La nostra casa è dove decidiamo di stare. A da dove siamo liberi di ripartire. Al momento giusto.

Bene. Io non mi schiodo da qui. Una donna rimane seduta sul marciapiede, davanti all’ingresso di un caseggiato. Vive sotto le finestre di una signora di mezz’età, che non ne sopporta la presenza. La considera un elemento di disturbo, al pari dei segnacci dei writers che hanno imbrattato le vetrate del portone. Ma non c’è verso di cacciarla. È una presenza tenace ed impassibile, che resiste a tutto, soprattutto alla monotonia e all’insofferenza altrui. Nulla può essere peggio della miseria. E nulla meglio della libertà assoluta, quella di essere, semplicemente, di vivere come una persona che occupa il suolo e la visuale altrui, che si accontenta di rivendicare, in questo modo, il proprio diritto ad esistere, fuori da ogni schema di comportamento, da ogni programma per la giornata. Chi la guarda, con indifferenza oppure con fastidio, non si rende conto che lei, quella sagoma fissa al centro del paesaggio, è il dipinto, mentre il mondo intorno, con i suoi abitanti inquieti, è solo la movimentata cornice del suo nobilissimo ritratto, composto ed austero, fiero ed irremovibile. Sono gli altri, che vanno avanti e indietro, che trafficano e non trovano mai pace, i veri senza fissa dimora.

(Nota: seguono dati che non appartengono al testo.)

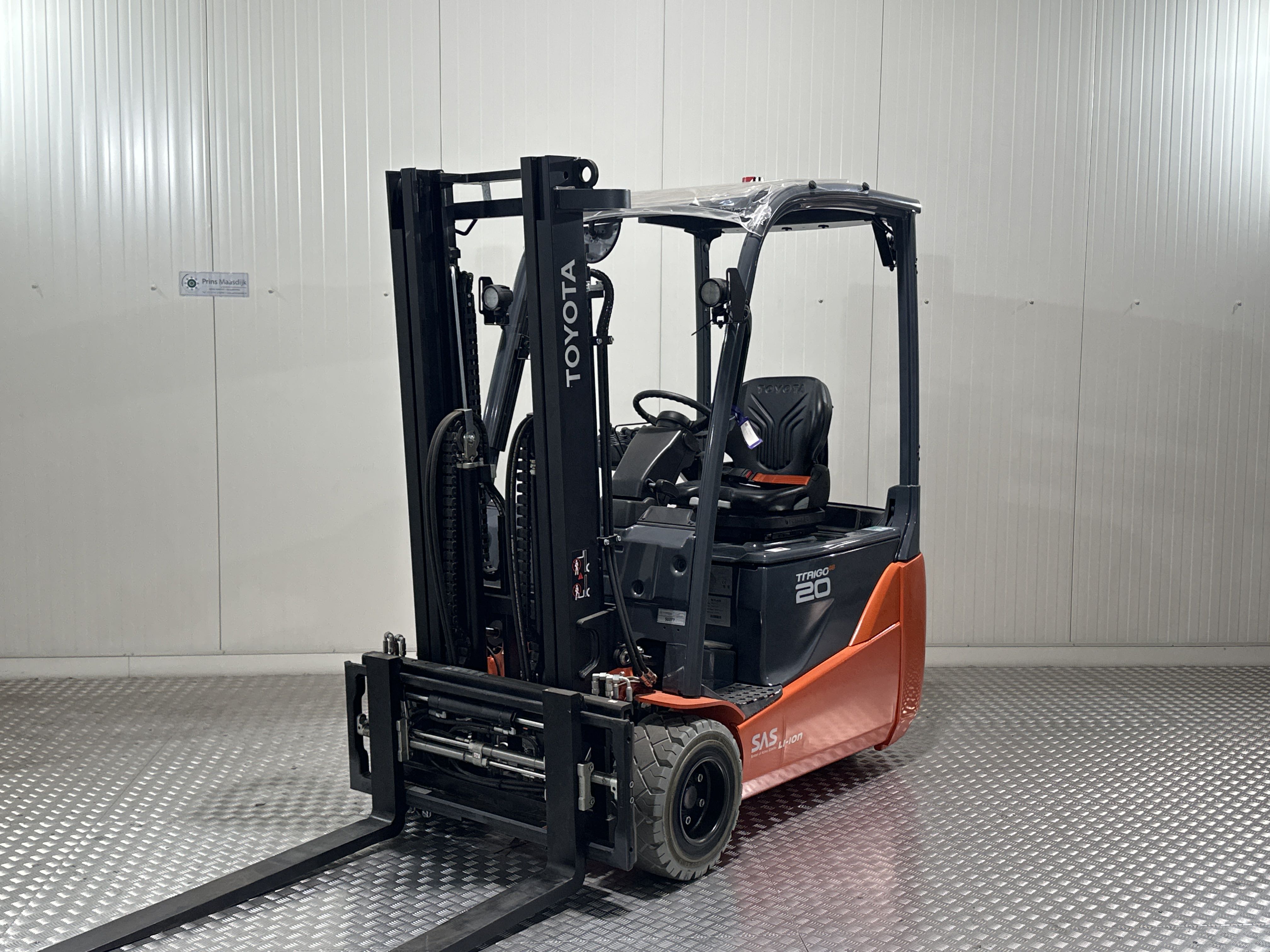 TOYOTA 8FBE20T - Forklift Electric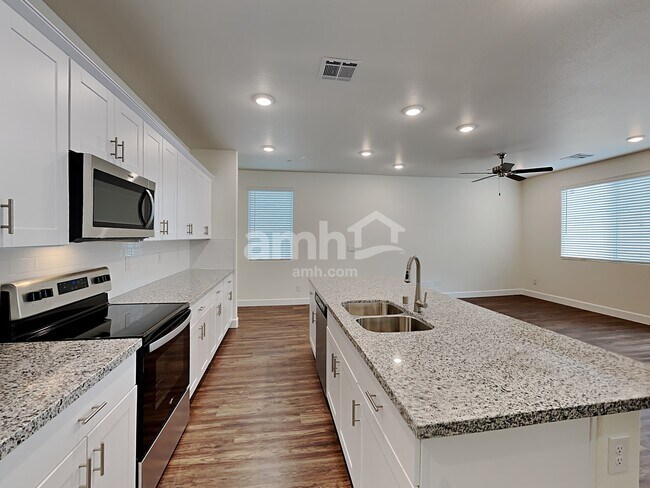 Building Photo - 79 Foxridge Swings Ln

Lei una casa ce l’ha, e la custodisce gelosamente: è l’angolo di terra in cui trascorre tranquillamente il tempo, senza provare alcun disagio, come dentro una nicchia costruita su misura, che è, contemporaneamente, la vetrina in cui si mette in mostra. Una santa nell’edicola. Una certezza serafica e scultorea che ci aspetta, immancabilmente, alla svolta del cammino. Eterna nella sua ripetitiva,  laconica inutilità. Pronta a sparire - come un angelo a missione compiuta - non appena qualcuno ne smaschera la comune, ed umanissima, anima di carne.